Career

The mother of three who set up her own law firm

Helen Mackay wasn’t the only lawyer who wanted more flexible hours. She explains how she used a gap in the market to create her own law firm.

By Emma Clifton

Helen Mackay started her own law firm after noticing there was a need for skilled lawyers to have flexible working hours. The former executive officer of In-house Lawyers Association of New Zealand, who is a mother of three, created Juno: a hybrid law firm and legal start-up based in Wellington. Here, she shares how she did it:

Moving with the times

“Today, businesses are running very lean and rely on flexible resourcing to help them during peak times and ensure they pay only for what they need. It’s referred to as a ‘gig economy’, and it works across a multitude of fields. Internationally, it’s the fastest-growing part of the legal market, and I believed it would work here.

In my last job as CEO for a legal professional body, lots of companies asked me to help them find lawyers on a flexible basis and plenty of lawyers told me they wanted flexible work that fitted around their other commitments.

I wanted to create a business that gives opportunities to other lawyers, helps companies to succeed by having great lawyers working inside them and lets me balance my family and community commitments.”

Thinking outside the box

“The traditional legal profession usually sells time, has demanding deadlines and often expects lawyers to be at their desks late at night.

The attitude is along the lines of ‘work 80 hours a week or not at all’, and it’s hard to balance this thinking with a flexible work environment, which can leave a lot of seriously experienced and passionate people out of the loop.

The more modern way of thinking argues that the time spent on the work and where it is performed is less important, as long as you’re focused on producing great results for your client.”

Building a team

“I followed the advice of entrepreneurs everywhere who said ‘surround yourself with people smarter and better than yourself’, and built a team of outstanding in-house lawyers who have great experience helping Kiwi companies succeed.

But I also trusted my gut. I wanted to find lawyers who not only had great legal ability, but also had real magic in their abilities to influence and contribute to a team. Being a lawyer inside a company calls on all of your soft skills.

Most importantly, I wanted to make sure all of our lawyers are good people you’d want to have working beside you.”

The legal glass ceiling

Over half of law students are female, yet there is a retention problem once you reach a certain level in law (as there are in a lot of industries). This is one of the reasons I wanted to start Juno.

I have met too many incredible lawyers who have left the legal profession as they couldn’t find the right balance or were unhappy with the compromises they have to make. It’s not just a female issue though.

Greater flexibility improves productivity and happiness at work – and relationships outside of work – for everyone. It hasn’t yet been measured in New Zealand but lawyers in the US have 3.6 times the rate of depression of non-lawyers, so wellbeing is becoming an increasingly important issue in the legal profession.

Community support

“Getting the word out and establishing trust was easier than I expected!
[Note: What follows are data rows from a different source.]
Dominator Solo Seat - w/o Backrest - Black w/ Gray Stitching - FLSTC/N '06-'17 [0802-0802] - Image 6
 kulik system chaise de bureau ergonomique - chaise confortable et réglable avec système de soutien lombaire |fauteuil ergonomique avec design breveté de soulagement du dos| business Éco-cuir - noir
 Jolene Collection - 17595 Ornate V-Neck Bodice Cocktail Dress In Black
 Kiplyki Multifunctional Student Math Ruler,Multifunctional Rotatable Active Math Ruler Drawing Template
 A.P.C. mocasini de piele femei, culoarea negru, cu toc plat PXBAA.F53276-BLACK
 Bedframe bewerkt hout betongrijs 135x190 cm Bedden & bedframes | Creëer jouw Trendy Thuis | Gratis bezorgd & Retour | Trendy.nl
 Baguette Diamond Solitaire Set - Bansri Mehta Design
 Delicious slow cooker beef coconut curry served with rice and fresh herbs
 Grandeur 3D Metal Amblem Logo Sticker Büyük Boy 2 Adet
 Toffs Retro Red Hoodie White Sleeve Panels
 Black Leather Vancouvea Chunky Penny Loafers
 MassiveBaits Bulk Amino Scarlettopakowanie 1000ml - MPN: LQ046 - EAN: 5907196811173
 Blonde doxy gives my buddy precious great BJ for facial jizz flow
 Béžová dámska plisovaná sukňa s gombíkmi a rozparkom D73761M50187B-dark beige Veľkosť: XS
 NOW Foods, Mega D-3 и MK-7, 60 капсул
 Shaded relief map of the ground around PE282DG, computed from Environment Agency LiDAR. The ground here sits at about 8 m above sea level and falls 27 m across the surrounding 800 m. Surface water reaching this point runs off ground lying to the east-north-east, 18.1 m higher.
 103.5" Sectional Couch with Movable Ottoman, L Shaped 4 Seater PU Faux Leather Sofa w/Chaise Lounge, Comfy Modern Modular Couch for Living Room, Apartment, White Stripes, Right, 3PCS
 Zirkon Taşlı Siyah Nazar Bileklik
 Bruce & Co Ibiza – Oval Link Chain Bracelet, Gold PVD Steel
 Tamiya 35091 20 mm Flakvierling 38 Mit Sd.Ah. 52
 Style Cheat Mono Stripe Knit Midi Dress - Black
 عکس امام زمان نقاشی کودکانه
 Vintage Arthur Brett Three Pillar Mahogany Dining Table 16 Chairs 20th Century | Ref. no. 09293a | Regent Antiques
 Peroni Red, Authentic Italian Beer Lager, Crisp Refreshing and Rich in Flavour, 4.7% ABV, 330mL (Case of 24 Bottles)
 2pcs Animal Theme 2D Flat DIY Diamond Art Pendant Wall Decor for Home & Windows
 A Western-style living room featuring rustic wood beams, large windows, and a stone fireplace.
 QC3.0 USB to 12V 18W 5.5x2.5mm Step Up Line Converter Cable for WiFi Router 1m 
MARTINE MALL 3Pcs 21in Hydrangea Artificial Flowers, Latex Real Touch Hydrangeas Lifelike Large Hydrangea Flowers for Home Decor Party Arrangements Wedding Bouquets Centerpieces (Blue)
Businesses were clearly hungry for a better, more cost-effective way of getting legal advice and each of our team members had built trust through their own connections that contributed to the collective trust that our clients place in Juno.

There was also no issue with starting up a business in a typically male-dominated area – many of our biggest supporters are men who lead or co-own their own law firms. We’ve had great encouragement from across the legal profession and business community, which has been really heartening.”

Background research

“I have experience in the corporate legal profession, having been an in-house lawyer for 20 years, and led the national association for in-house lawyers for seven years.

I spent three months researching the market and interviewing more than 50 CEOs and general counsel about what services they wanted from us before we launched. The learning curve has been in business fundamentals, employment law and understanding how to value what we offer.

It’s been liberating and uplifting and I’m proud of everyone in our team for having faith that this new model will succeed. It is comforting to remember it is only new in New Zealand but well established around the world.”

A few niggles...

I’d underestimated all the admin associated with a start-up business – compliance and tax especially – which isn’t hard, just not much fun!

There are strict rules for the legal profession that protect people being advised on their personal affairs, but make it more challenging to deliver flexible and cost-effective legal services to our clients who are all smart businesses.

For example, a lawyer can only work as an employee not a contractor unless they’ve qualified to open their own law firm.